WHAT YOU SHOULD DO:
An exact restatement is required. Cover only the lines of the records from the first through the line with "2832 NW Polarstar Avenue", and skip pictures.

☆ ☆ ☆ ☆ ☆ ☆ ☆

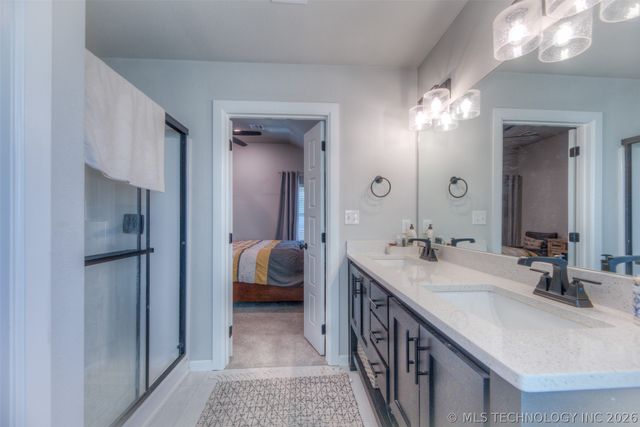 1422 E 149th Place S, Glenpool, OK 74008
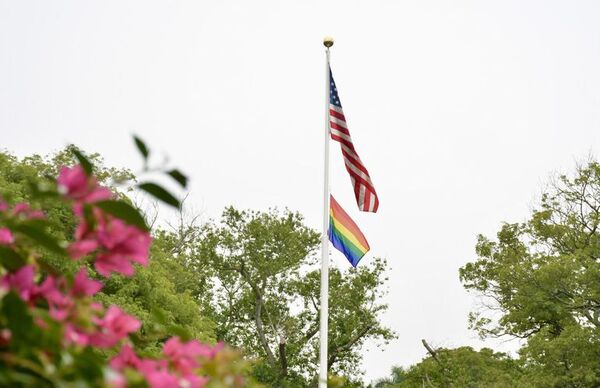 Bandera LGBTQI+ flamea en la Embajada de Estados Unidos en Paraguay - Nacionales - ABC Color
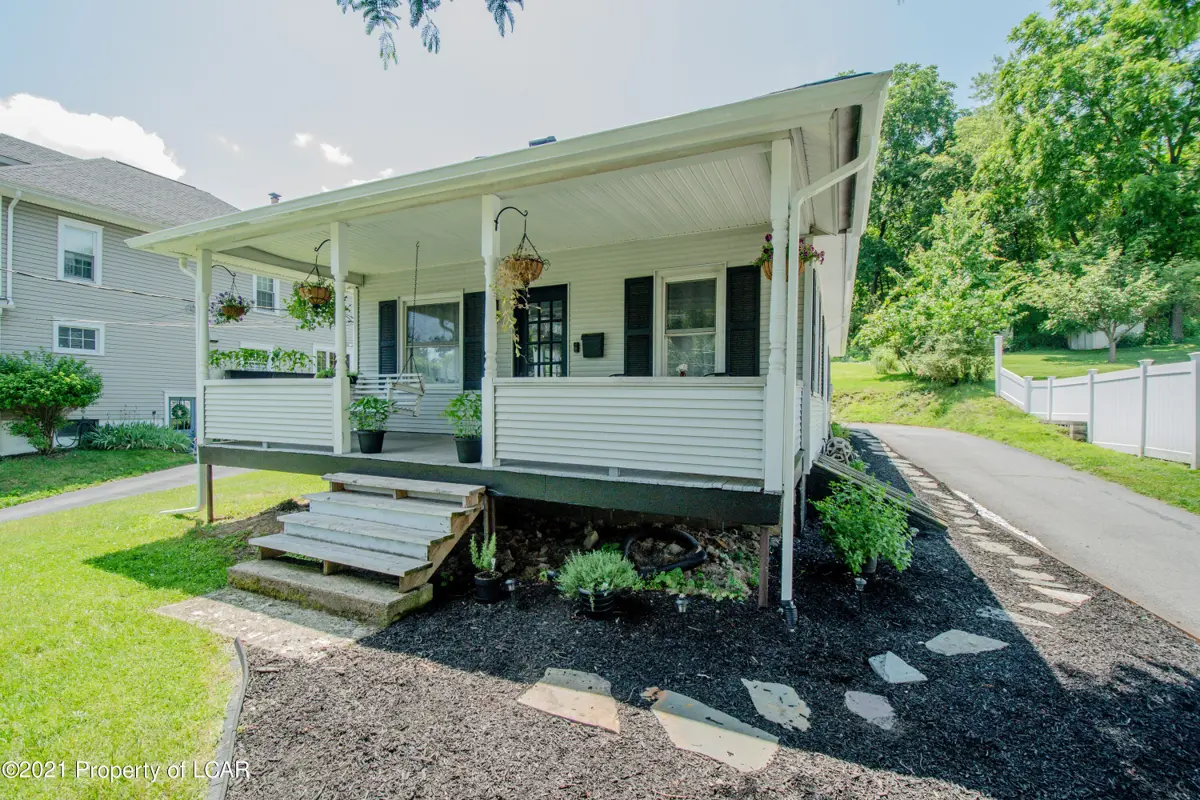86 N Pioneer Avenue, Shavertown in Shavertown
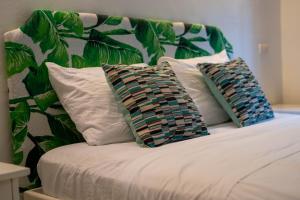 Charming 1 bdr apt w pool 5min Popi beach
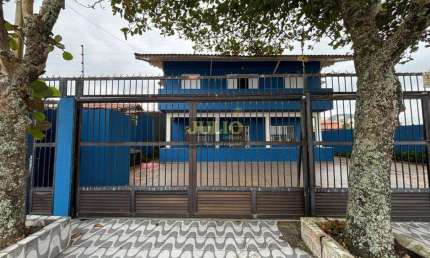 Casa Frente ao Mar à Venda no Bairro Jussara em Mongaguá – 6 Suítes e Edícula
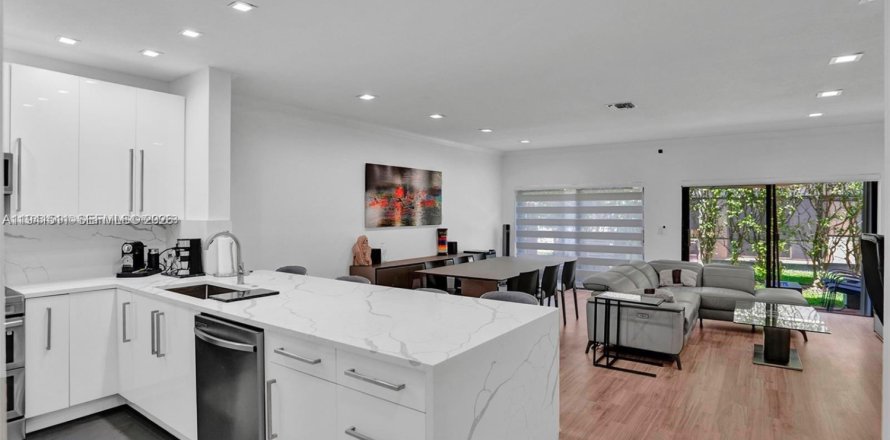 Таунхаус в Авентура, Флорида 2 спальни, 127.83м2 № 2003829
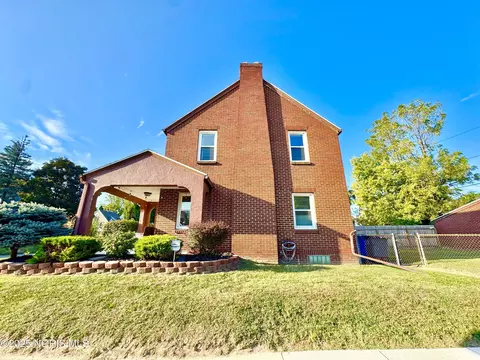 Exterior - 2000 Alvin St, Toledo, OH 43607 photo 3 of 7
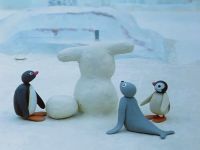 Pingu construit un bonhomme de neige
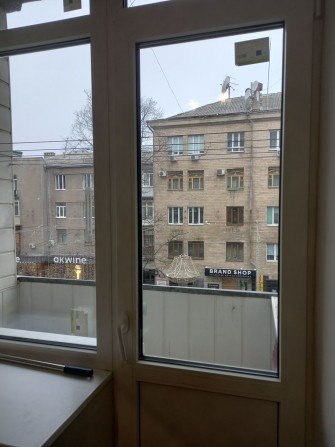 Продам 2 комнатную просторную квартиру,метро Бекетова 5 минут. - фото 1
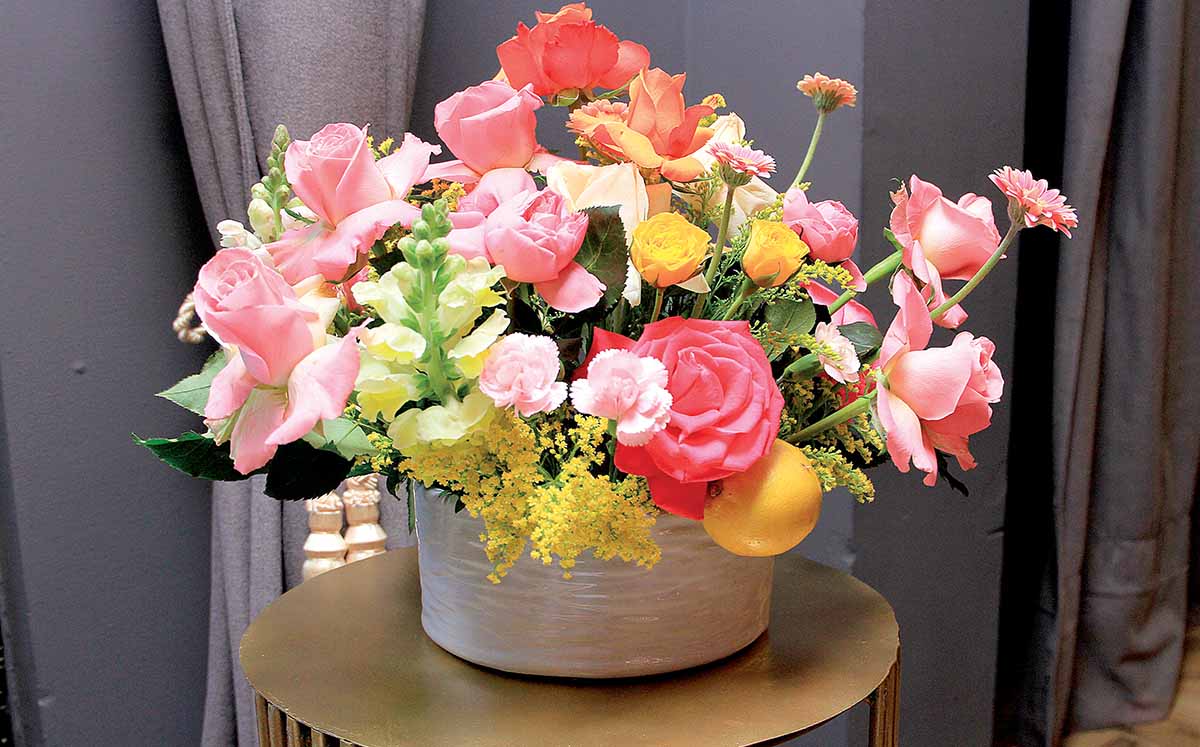 Detalle floral a cargo de Flores de Sofía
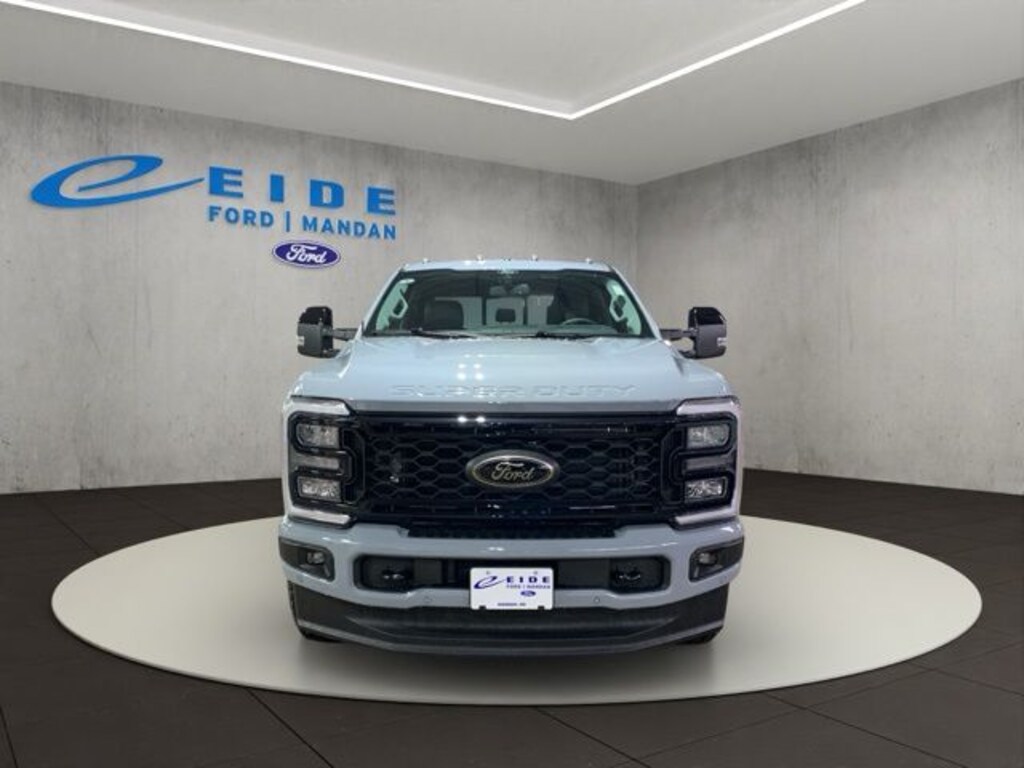 New 2026 Ford F-350SD Lariat Truck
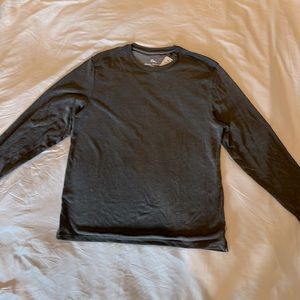 Tommy Bahama LG LS Tee Dark Gray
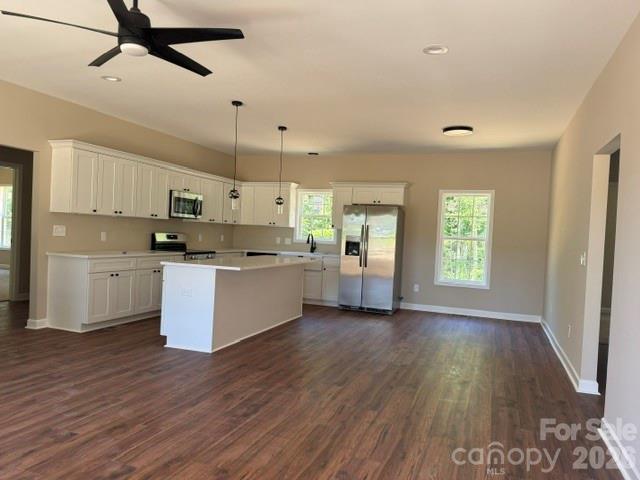 1182 Merribrook Lane — Lancaster
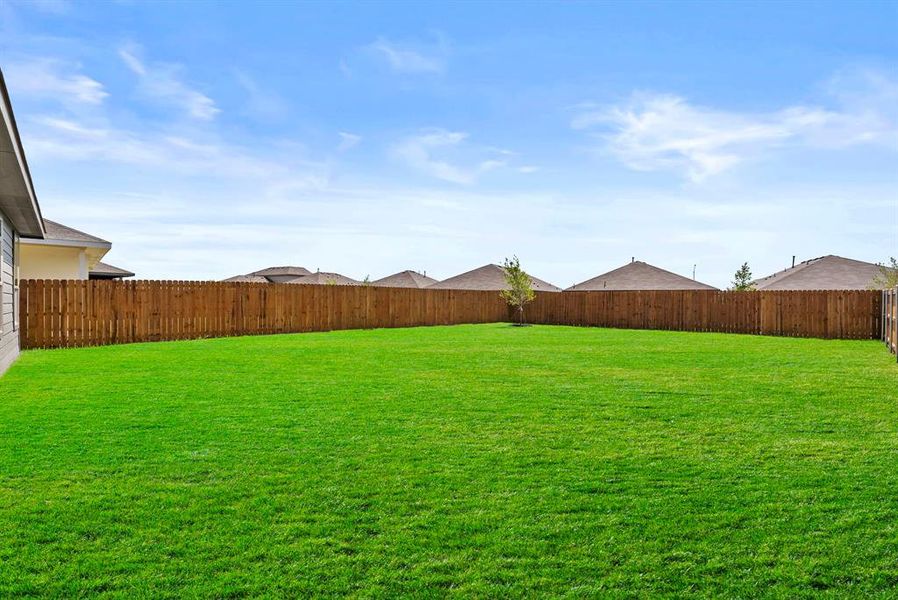 Exterior details and patio area of a home in Terra Trace, Fort Worth (Image 4).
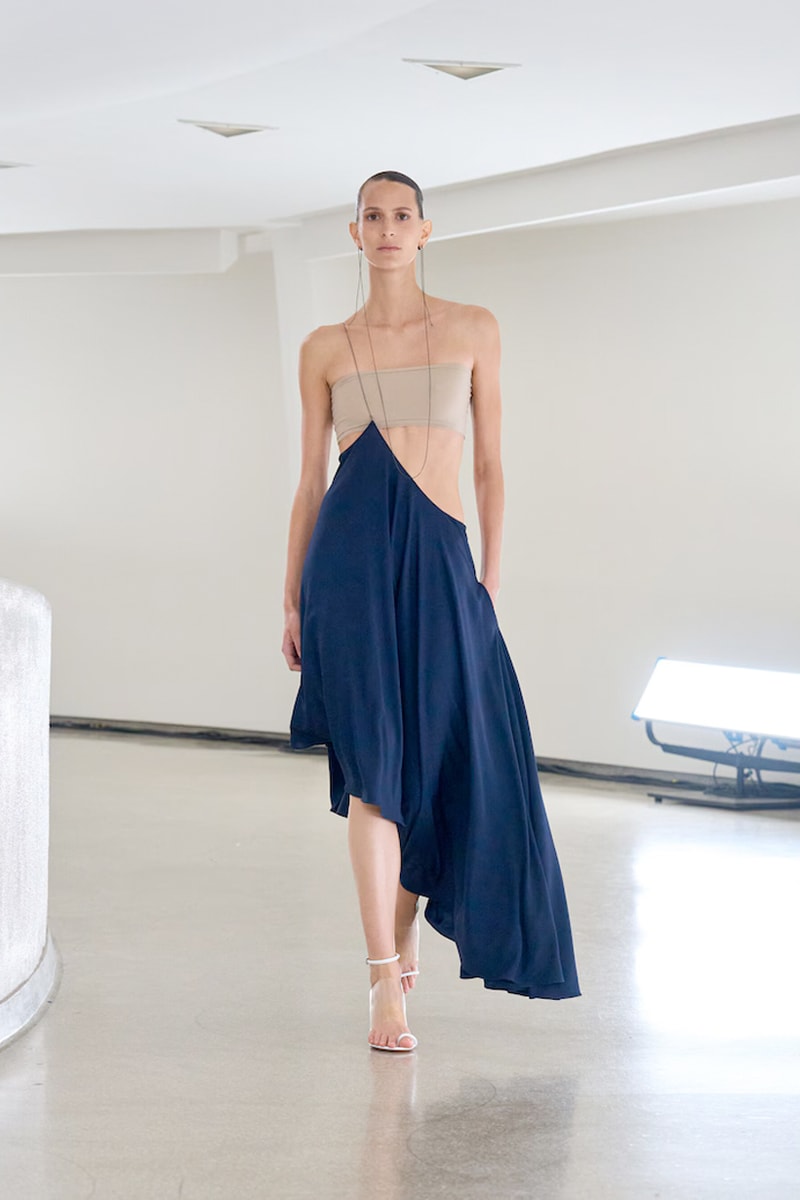 NYFW 懶人筆記：被大牌明星愛瘋了的 Alaïa，選址彩蛋、設計巧思.. 5 個亮點一文看懂！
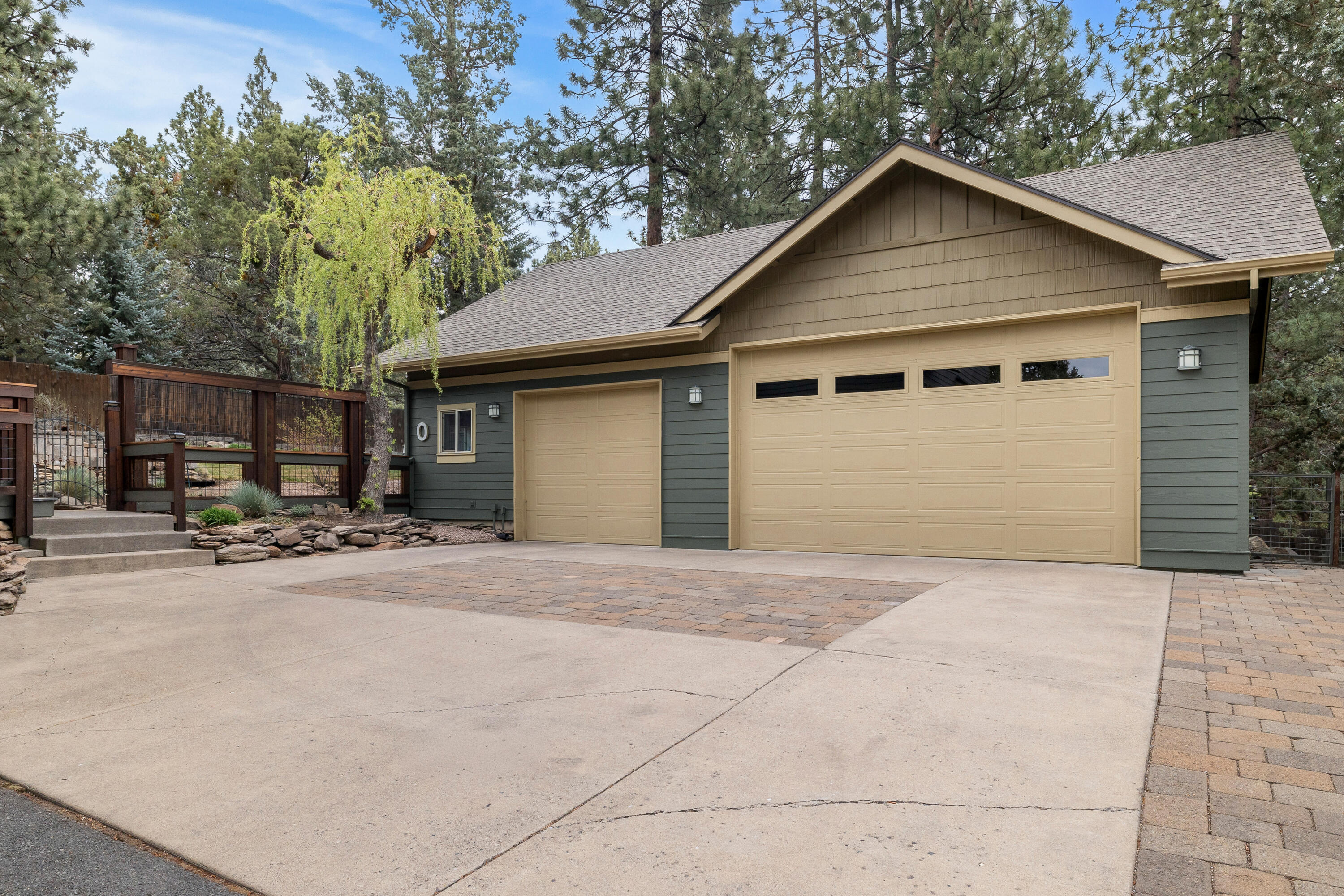 2832 NW Polarstar Avenue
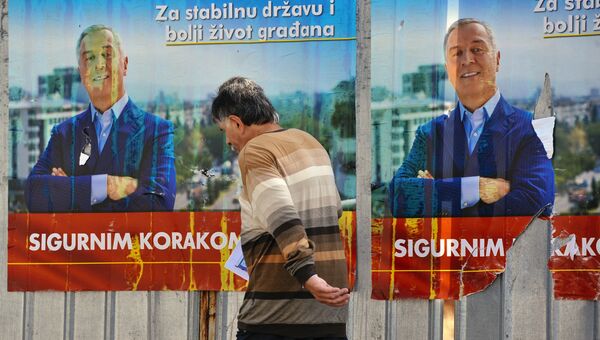 Плакат с предвыборной агитацией Мило Джукановича в Черногории. Архивное фото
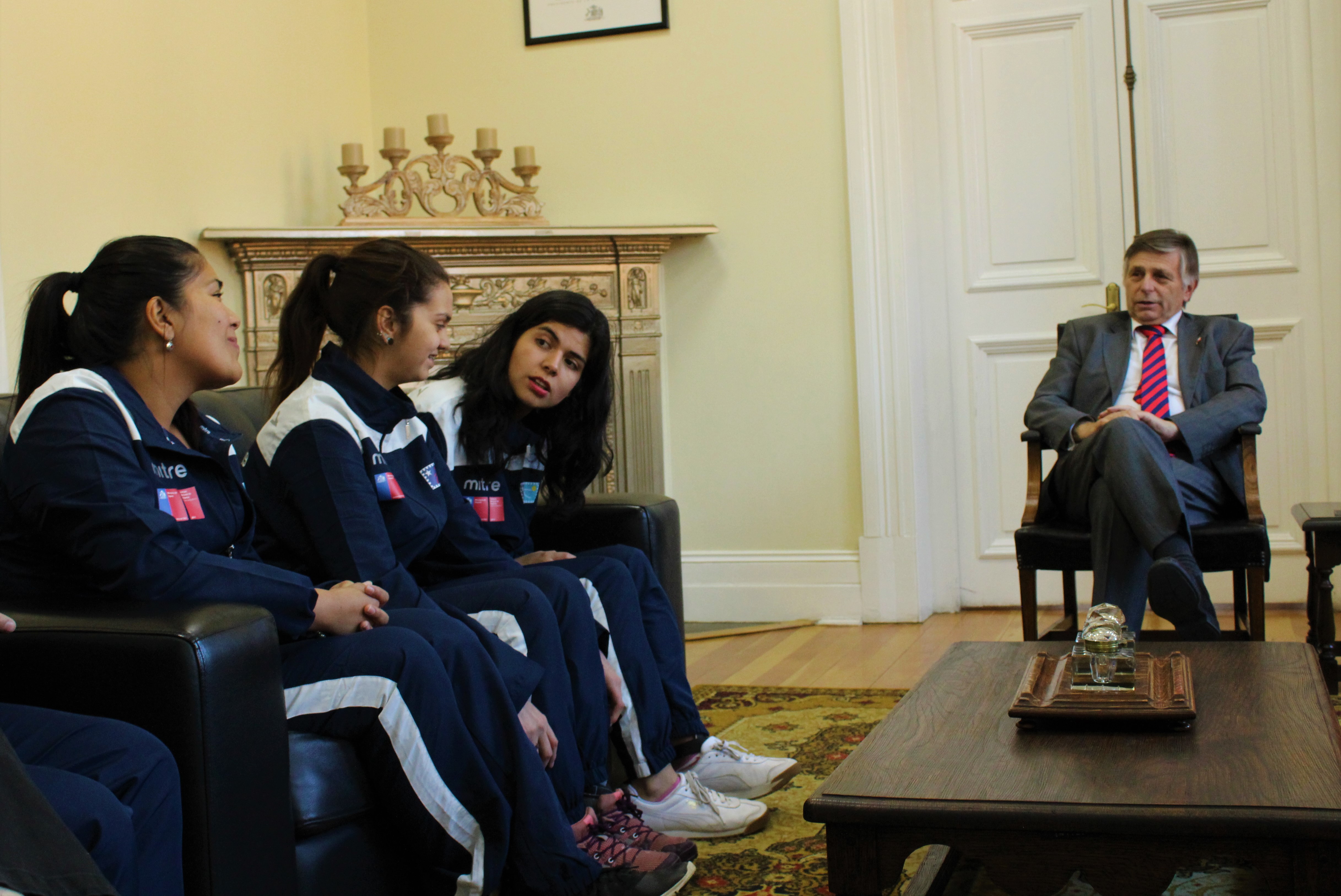 Autoridades regionales despidieron a la delegación de deportistas magallánicos que competirá en los Juegos de la ParaAraucanía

☆ ☆ ☆ ☆ ☆ ☆ ☆

RESPONSE:
 1422 E 149th Place S, Glenpool, OK 74008
 Bandera LGBTQI+ flamea en la Embajada de Estados Unidos en Paraguay - Nacionales - ABC Color
86 N Pioneer Avenue, Shavertown in Shavertown
 Charming 1 bdr apt w pool 5min Popi beach
 Casa Frente ao Mar à Venda no Bairro Jussara em Mongaguá – 6 Suítes e Edícula
 Таунхаус в Авентура, Флорида 2 спальни, 127.83м2 № 2003829
 Exterior - 2000 Alvin St, Toledo, OH 43607 photo 3 of 7
 Pingu construit un bonhomme de neige
 Продам 2 комнатную просторную квартиру,метро Бекетова 5 минут. - фото 1
 Detalle floral a cargo de Flores de Sofía
 New 2026 Ford F-350SD Lariat Truck
 Tommy Bahama LG LS Tee Dark Gray
 1182 Merribrook Lane — Lancaster
 Exterior details and patio area of a home in Terra Trace, Fort Worth (Image 4).
 NYFW 懶人筆記：被大牌明星愛瘋了的 Alaïa，選址彩蛋、設計巧思.. 5 個亮點一文看懂！
 2832 NW Polarstar Avenue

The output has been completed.